Introduction

Annual mean global temperature has increased by 0.78 °C since the beginning of the 20th century (Mosbrugger 2012). Even though warming will not occur everywhere on earth (Kosaka and Xie 2013), there will be regions with elevated temperature. Global temperature is expected to rise between 3 °C and 5 °C by 2100 (Kromp-Kolb et al. 2014). If global warming reaches 2 °C, its impact on ecosystems worldwide will increase rapidly. A further increase can lead to more and more ecosystems collapsing (Warren et al. 2011). Even though increase of temperature is not the only ecosystem harming consequence of climate change, it is one of the strongest (Walther et al. 2002; Parmesan 2006). The impacts on agricultural ecosystems are difficult to foresee, but agricultural management is expected to face many challenges in the future (Adams et al. 1998; Howden et al. 2007). Biological pest control could be one of these challenges. The European parliament has demanded more biological pest control to reduce the use of pesticides (Buzek and Malmström 2009). Extensive knowledge of pest organisms and control agents will be essential to establish and stabilize effective biological pest management, especially at changing environmental conditions. The present study, which covers scenarios with elevated temperatures, is designed for regions that are undergoing temperature increases, such as Central Europe. In Austria, an increase of more than 1 °C is forecasted for the first half of this century. The second half of this century will strongly depend on future anthropogenic activities (Kromp-Kolb et al. 2014). There is a long history of using lady beetles as biological control agents against aphids (Hodek et al. 2012). Being ectothermic, both Coccinellidae and aphids, and their interactions, are highly affected by temperature (Sentis et al. 2012; Zhang et al. 2015; Raak-van den Berg et al. 2017).

Adults and larvae of the two-spot lady beetle (Adalia bipunctata Linnaeus; Coleoptera: Coccinellidae), the seven-spot lady beetle (Coccinella septempunctata Linnaeus; Coleoptera: Coccinellidae) and the harlequin lady beetle (Harmonia axyridis Pallas; Coleoptera: Coccinellidae) were tested, feeding on the pea aphid Acyrthosiphon pisum Harris (Hemiptera: Aphididae).
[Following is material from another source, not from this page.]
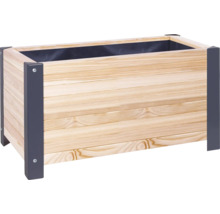 Houten plantenbak met metalen hoeken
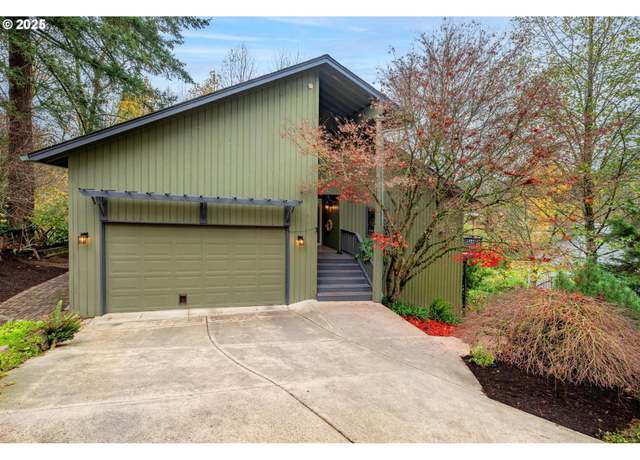 Property at 8 Walking Woods Dr, Lake Oswego, OR 97035, 5 beds, 4 baths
Adalia bipunctata and C. septempunctata rank among the most common lady beetle species in Europe. Both are native and have been commercially used for biological pest control for decades (Omkar 2005; Hodek and Michaud 2008). Harmonia axyridis has become very common in Europe, where it is not native (Roy et al. 2016). This alien species is originally native to China, Japan, Korea, Mongolia and Siberia (Orlova-Bienkowskaja et al. 2015). In the 1960s, H. axyridis was first used as a biological control agent (Katsoyannos et al. 1997). In the 1980s H. axyridis was used as a biological control agent in Ukraine, and was later used in the rest of Europe (Adriaens et al. 2008). At this point, H. axyridis began to establish in the wild, where it is since considered both a biological control agent and an invasive species potentially threatening native lady beetles, particularly A. bipunctata (Camacho-Cervantes et al. 2017; Brown and Roy 2018). In Central Europe, the species can achieve between two and three generations per year (Honek et al. 2018). These three species are important biological control agents, which may be the reason why they are among the five lady beetle species that were most studied between 1995 and 2004 (Sloggett 2005).
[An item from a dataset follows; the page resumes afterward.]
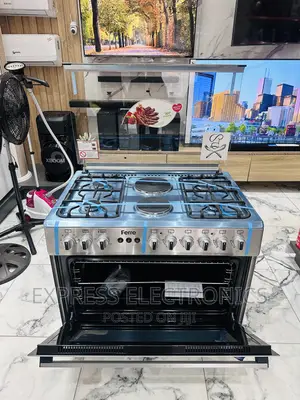 Very Authentic Looking Gas Electric Cooker 4-2 Oven Grill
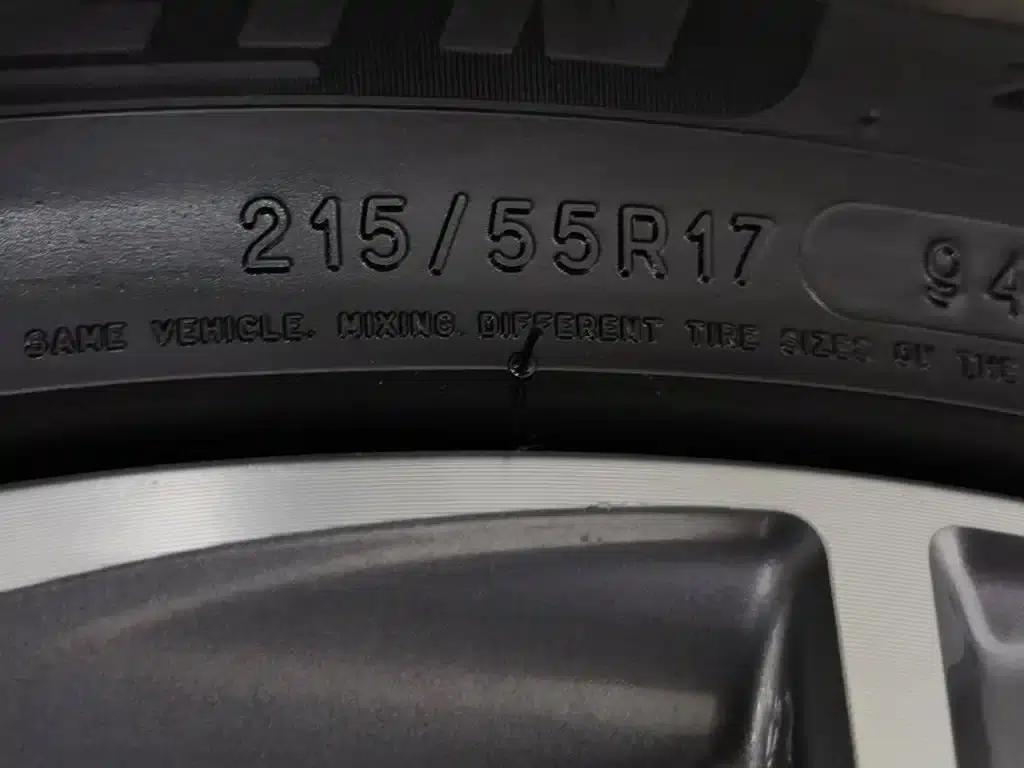Lexus ES 2015 300h Comfort Edition — миниатюра 24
Acyrthosiphon pisum, used as a food item for lady beetles in the present study, inhabits legumes and causes severe damage to the host plants (Lukasik et al. 2011). It is a common food for all three lady beetle species tested and has been used as food in several studies on A. bipunctata and C. septempunctata (Blackman 1967; Kalushkov and Hodek 2004), and H. axyridis (Specty et al. 2003; Labrie et al. 2006).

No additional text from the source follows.